After returning to England, where he published West Australian Review (1893–94) and promoted interest in the western regions of Australia, he financed and gave his name to the Calvert expedition. Calvert remained in England, where he engaged in costly pursuits of car and yacht sports and involved in horse racing. The outcome of expedition resulted in the successful crossing of the extreme environment at the Great Sandy Desert and the collection of specimens for scientific examination. As with many before and after, they unsuccessfully searched for evidence of the expedition led by Ludwig Leichhardt that had disappeared while crossing Australia's arid centre. Two men died on the Calvert expedition, along with other losses and deprivations, and when Calvert did not provide the funds for the expedition's costs he was publicly denounced.
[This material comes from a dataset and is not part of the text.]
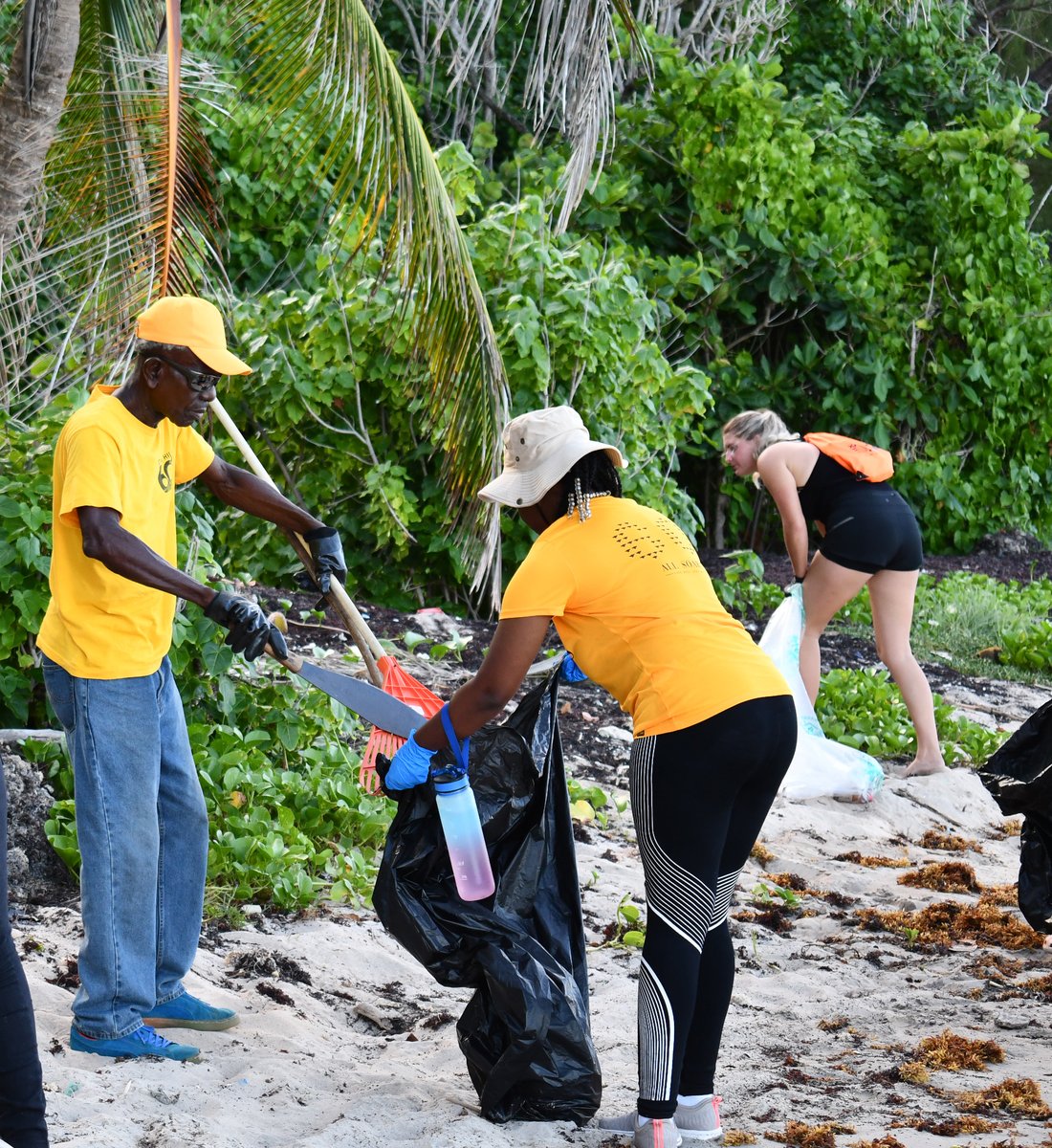 A second group of students and volunteers went to Bath this evening for the island-wide clean up led by the Nation Publishing on Saturday, in observance of World Cleanup Day. #WorldCleanupDay #UWICaveHill #GreenNation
Further expeditions were instigated by the mining engineer, he later provided consultation to mining ventures at Mallina and temporarily placed as managing director of Big Blow Gold Mines and Consolidated Gold Mines of Western Australia.

Calvert was the author of fourteen books on Australia. They included superficial treatments of subjects such as minerals, pearls and the indigenous inhabitants, and later wrote thirty six books on Africa and Spain (including all the volumes in The Spanish Series published by John Lane, The Bodley Head). His last work is described as an unreliable account on the topic of Freemasonry.